■ **EXERCISE PROMPT**
Check each line below for the word "pink", and copy those that have it.

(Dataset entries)
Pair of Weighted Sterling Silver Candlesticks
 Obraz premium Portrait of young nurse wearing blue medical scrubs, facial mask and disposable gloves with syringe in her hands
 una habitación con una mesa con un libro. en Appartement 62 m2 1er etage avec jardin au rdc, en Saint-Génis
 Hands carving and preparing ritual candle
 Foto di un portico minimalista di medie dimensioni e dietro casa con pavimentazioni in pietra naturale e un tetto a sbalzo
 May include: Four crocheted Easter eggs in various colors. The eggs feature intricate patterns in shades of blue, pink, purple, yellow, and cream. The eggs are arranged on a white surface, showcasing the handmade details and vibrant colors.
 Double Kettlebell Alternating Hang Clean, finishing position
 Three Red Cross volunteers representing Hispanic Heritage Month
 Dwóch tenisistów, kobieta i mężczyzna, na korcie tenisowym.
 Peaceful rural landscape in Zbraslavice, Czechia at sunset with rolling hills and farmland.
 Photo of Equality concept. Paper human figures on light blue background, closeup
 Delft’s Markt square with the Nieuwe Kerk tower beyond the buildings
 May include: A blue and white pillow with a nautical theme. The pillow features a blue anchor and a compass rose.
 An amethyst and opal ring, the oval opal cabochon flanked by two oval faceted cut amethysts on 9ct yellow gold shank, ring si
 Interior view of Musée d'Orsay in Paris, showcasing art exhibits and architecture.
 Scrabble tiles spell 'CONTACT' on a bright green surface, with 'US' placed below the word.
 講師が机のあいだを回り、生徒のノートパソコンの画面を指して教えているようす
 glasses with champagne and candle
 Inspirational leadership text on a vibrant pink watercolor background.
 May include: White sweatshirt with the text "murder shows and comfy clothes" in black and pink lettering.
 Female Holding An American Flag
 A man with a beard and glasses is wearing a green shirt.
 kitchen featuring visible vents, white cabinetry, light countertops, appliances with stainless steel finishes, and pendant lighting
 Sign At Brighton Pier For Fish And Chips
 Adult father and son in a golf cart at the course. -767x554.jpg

■ **YOUR RESPONSE**
 May include: Four crocheted Easter eggs in various colors. The eggs feature intricate patterns in shades of blue, pink, purple, yellow, and cream. The eggs are arranged on a white surface, showcasing the handmade details and vibrant colors.
 Inspirational leadership text on a vibrant pink watercolor background.
 May include: White sweatshirt with the text "murder shows and comfy clothes" in black and pink lettering.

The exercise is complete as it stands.